But what really happened?
Galloway booked a car through Carrentals.com for her 72-year-old mother, who was flying to Germany on personal business.
The confirmation had total estimated charges of $1,009 which included taxes and fees (based on November’s exchange rate.)
My mother arrived in Frankfurt at the Dollar Rental Car counter and was told that the car was not available, that she would have to take a larger car (at the same rate.)
Secondly and more importantly, she was charged 109 Euros for winter tires. She was also charged 189 Euros for the 19% VAT
tax and 336 Euros for “CDW with 600 Euro SD”.
The total was 1,189 Euros ($1,506), approximately $500 more than the confirmed amount.
I clicked over to Carrentals.com and pulled up a price on a rental in Frankfurt. I seemed to offer an all-inclusive rate (see screenshot).
I decided to check with Dollar. A representative contacted Galloway and told her she should have “gone to their website, which gives details of the rental contract and the additional charges,” she says.

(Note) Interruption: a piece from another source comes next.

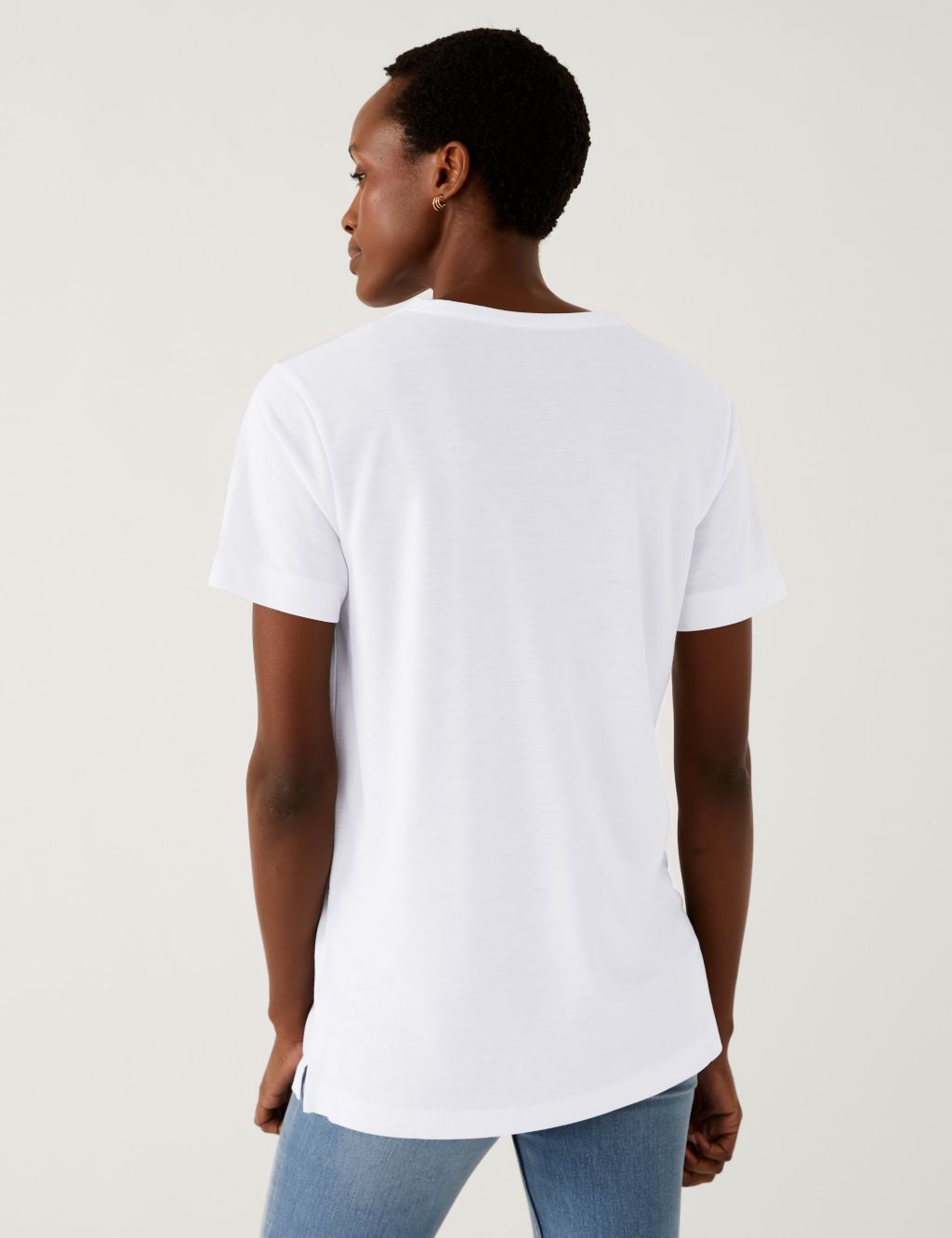 Relaxed Longline T-Shirt image 4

Problem is, the Carrentals.com reservation didn’t tell her she needed to check the Dollar site for extra fees. It offered an “all-in” grand total.
The reservation confirmation excluded all these fees to include the winter tires and collision insurance. In fact, on the confirmation it stated that taxes (the 19% German VAT) were included.

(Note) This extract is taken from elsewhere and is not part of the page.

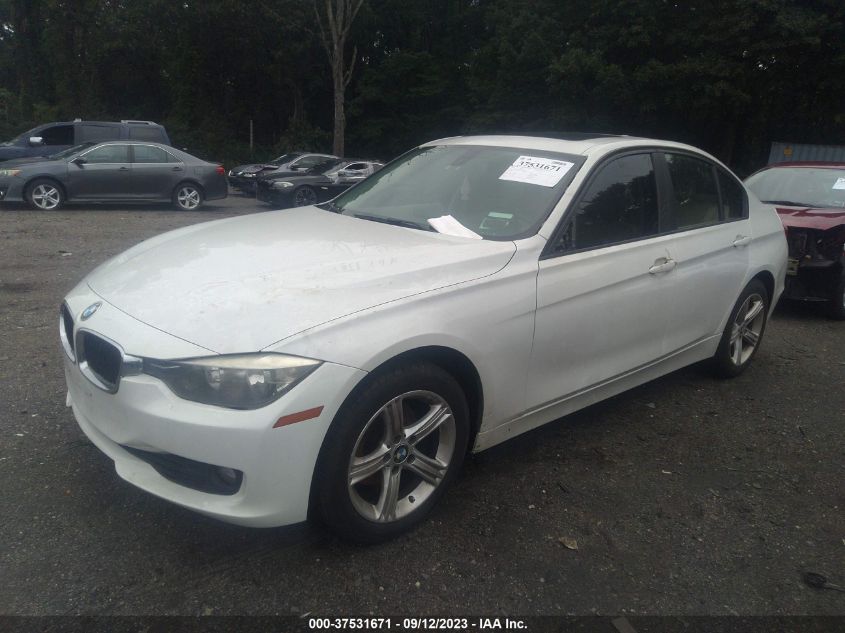 2015 BMW 328I - WBA3A5G5XFNS84853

What really got my goat was that my mom tried to waive the collision damage (she had her own insurance and was willing to show proof), but the only way to do so was to have an US issued gold or platinum visa card!
Of course, they never told my mother that at the airport. Dollar Rent a Car just told her she couldn’t decline [the insurance].
Dollar and Galloway agreed to a $300 refund — and something is better than nothing — but she says she’ll never book online through Dollar or Carrentals.com again.
I have a theory about what went wrong. It’s possible that the reservation somehow was reset after her mother was offered an upgrade. That would have meant she was paying the agreed-upon rate, but that the taxes would be extra.
As for the winter tires, that’s kind of like charging for air conditioning in the summer. You don’t let your cars off the lot without the proper equipment, and you certainly don’t charge your customers for it.
I’m glad Dollar offered Galloway a partial refund. But did it do enough?